Ci sono due livelli. Le pure e semplici balle: i russi combattono con le pale
perché non hanno più armi; i russi usano i microchip delle lavatrici per i
missili perché la loro industria bellica è a pezzi (indimenticabile copyright
di Ursula von Der Leyen); i russi scavano trincee nel terreno contaminato di
Cernobyl; i russi prendono pastiglie che consentono loro di combattere anche
quando sono feriti… Ma questa è la fuffa, la schiuma. La sostanza sta nel fatto
che tutte le previsioni importanti si sono rivelate sballate: l’effetto delle
sanzioni, il sostegno dei russi a Putin, la capacità dei russi di riarmare,
persino la possibilità di isolare la Russia nel contesto internazionale.
Abbiamo
fatto questo esempio perché è il più tragico, in primo luogo per gli ucraini, e
clamoroso. Ma vogliamo parlare delle elezioni presidenziali Usa? Prima
un tifo sfegatato per Kamala Harris, senza mai spiegare che cosa diavolo
volesse fare degli Stati Uniti la candidata improvvisata dopo la rinuncia di
Joe Biden. Poi, di fronte alla vittoria a valanga di Donald Trump che nessuno
aveva nemmeno lontanamente ipotizzato, un solo grottesco lamento sulla
fine della democrazia, degli Usa, della civiltà. La crisi di governo
in Germania, con le prossime elezioni anticipate? Il ruggito del vecchio leone
Scholz, come se non fosse il certificato di morte della “maggioranza
semaforo” (liberali, socialdemocratici e verdi) che ha governato
finora il Paese e che, incidentalmente, è la stessa maggioranza che governa la
Ue. Per non dire del fatto che se va in crisi la Germania andiamo in crisi un
po’ tutti, a partire dall’Italia come ci ha spiegato
bene qui Andrea Muratore in un recente articolo.
L’avanzata
della destra di Marine Le Pen in Francia? Ricordo perfettamente che, all’epoca
delle prime proteste dei gilet gialli, eravamo pochissimi a dire: guardate che
dietro tutto questo, vi piaccia o no, c’è un problema vero, concreto. Riassumibile
in una sola domanda: chi paga il costo della transizione energetica? Però
non si poteva, anzi non si doveva dire, guai a criticare le politiche di
Emmanuel Macron. E che pacchia quando le manifestazioni dei gilet gialli
diventarono occasione di scontro e di speculazione dei soliti black Block e
compagnia bella. E adesso? Che cosa ci diciamo adesso della transizione
energetica e della posizione di Macron all’interno del suo stesso Paese? Tutto
bene? Oppure vale la solita spiegazione, cioè che milioni di francesi (e
tedeschi e italiani) si sono rincoglioniti?

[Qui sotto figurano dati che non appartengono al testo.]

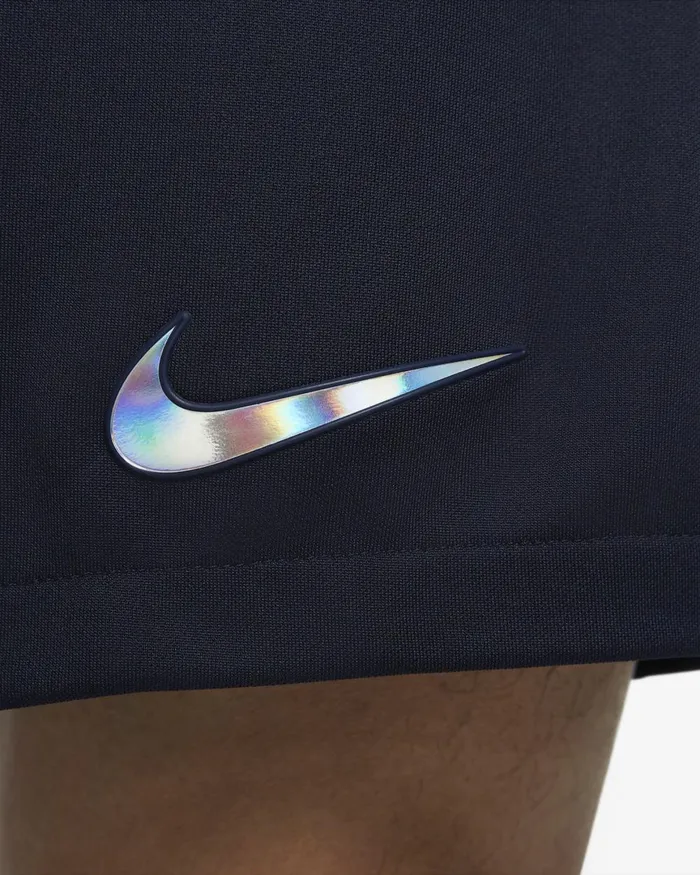 Men Nike Shorts Tottenham Hotspur 202324 Stadium Away Marine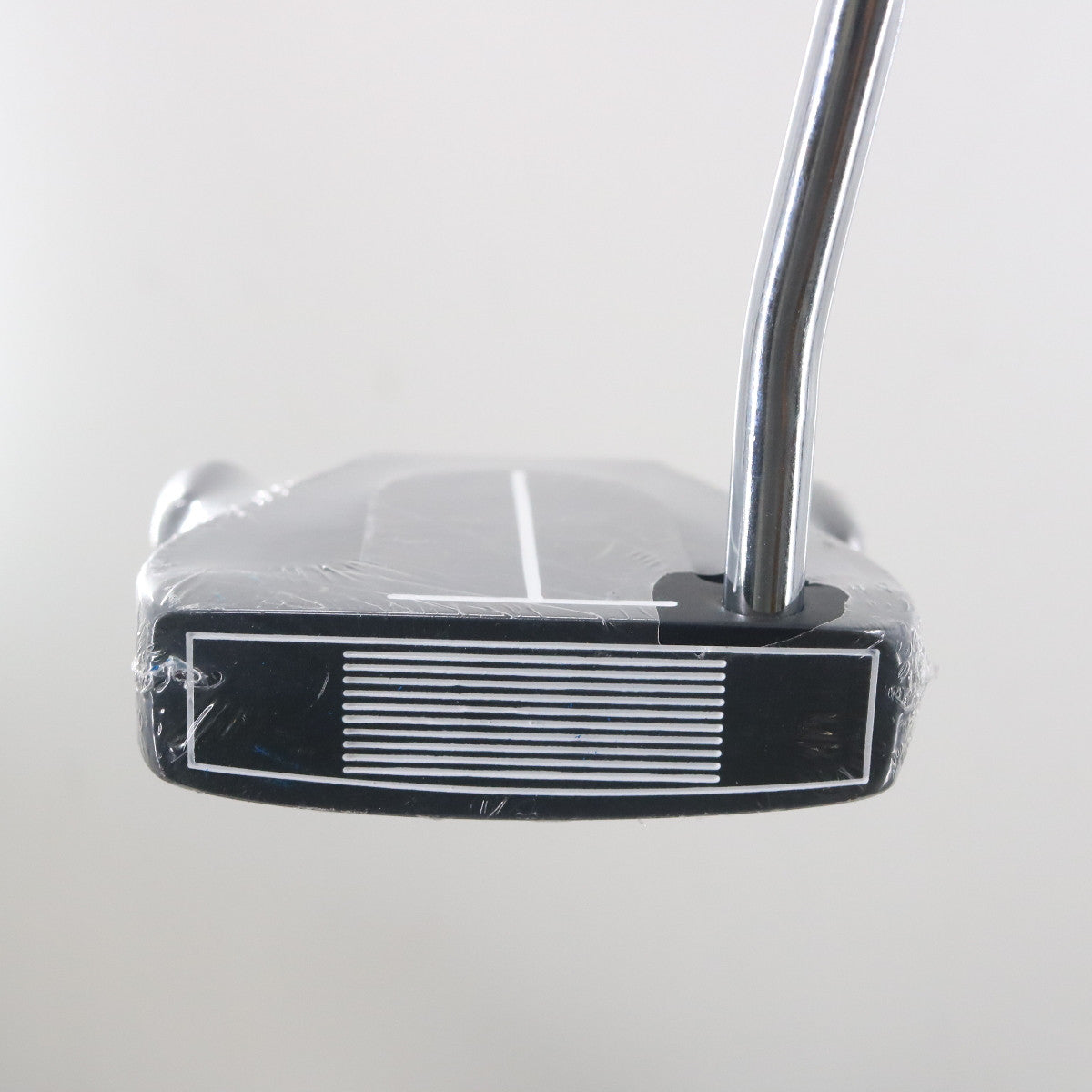 Orlimar F-Series F80 Putter 35" 35 Inches Steel Right-Handed S-150529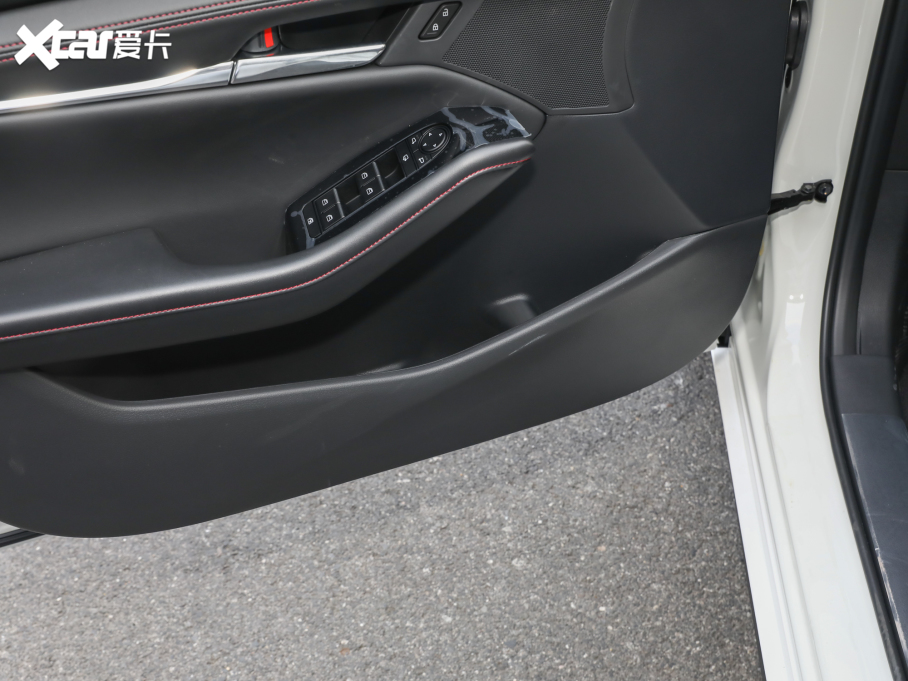 2022R_3 ِ 2.0L Ԅ|Ű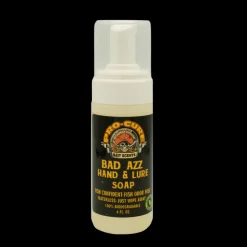 Pro Cure Bad Azz Hand & Lure 4 oz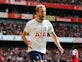 Teddy Sheringham urges Manchester United to "break the bank" for Harry Kane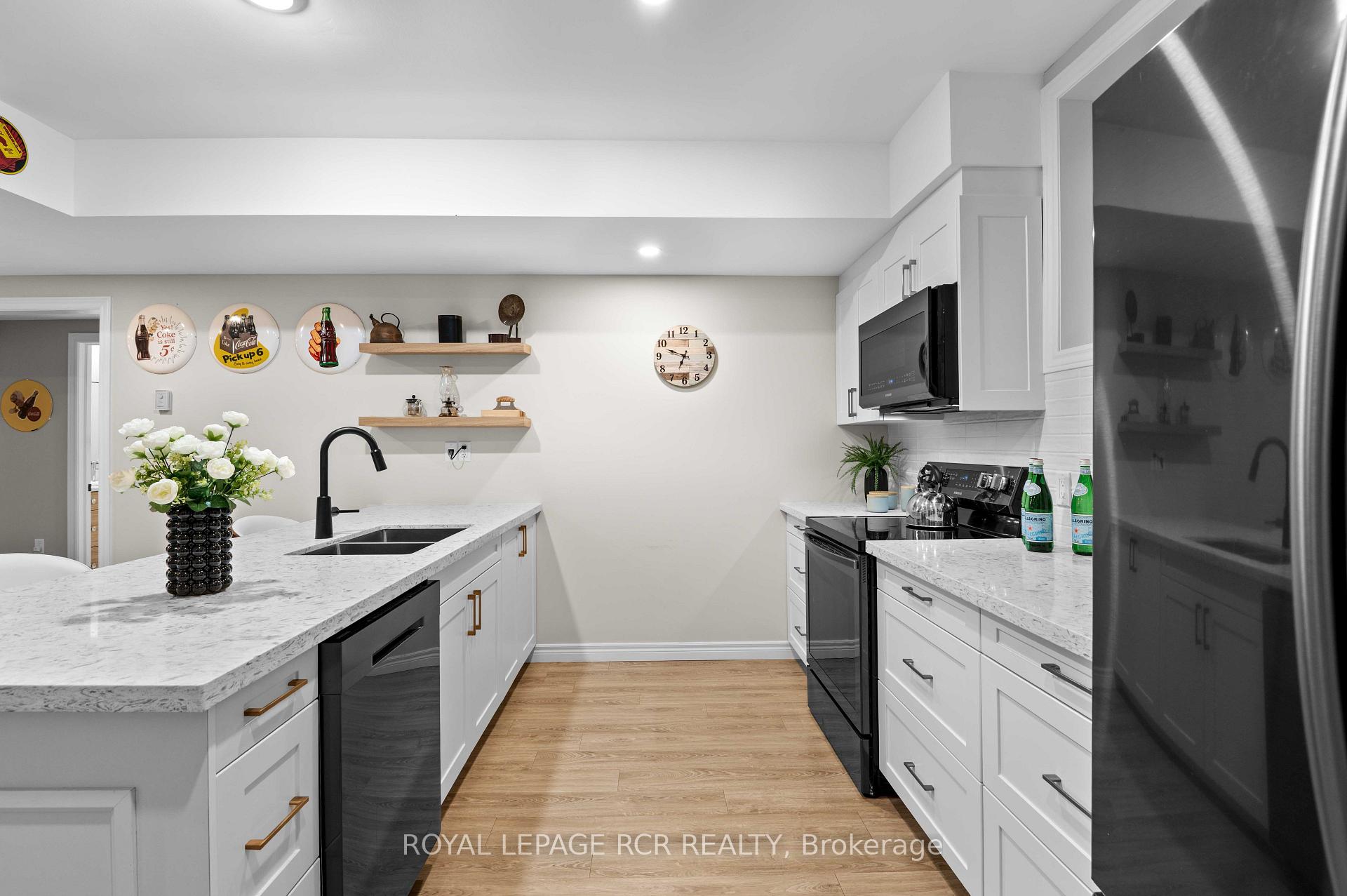 Photo 36 of 373413 6th Line, Amaranth, Rural Amaranth — HOMEH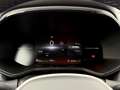 Renault Clio Evolution DCI 100 LED PDC Kamera SItzheizung Weiß - thumbnail 18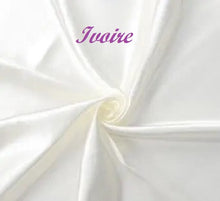 Charger l'image dans la galerie, SELENITE - Elégance 2025 E.V. Bridal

Qualcuno, anzi, molti, credono che si possa vivere benissimo anche senza Tv e giornali. Non è vero. Primo perché nessuna società, come già Omero dimostrava, riesce a stare senza qualcuno che racconti il mondo. Secondo, perché l’informazione, ormai, non sta più nei media comunemente detti. L’informazione, cioè il racconto del mondo, è nell’aria, arriva dai telefoni, dagli schermi nelle metropolitane, dai social, dai passaparola sui tram, dalle classifiche dei libri di Amazon, dalle chat. E noi tutti cittadini abbiamo il diritto/dovere ad avere un racconto del mondo non vero o falso, non onesto o disonesto (categorie aleatorie se applicate all’informazione) ma ancorato alla realtà dei fatti e non alle fantasie più o meno interessate. Nessuno di noi vuole tornare ai tempi della peggior Unione Sovietica, quando il motto era: se teoria e realtà non combaciano, la colpa è della realtà.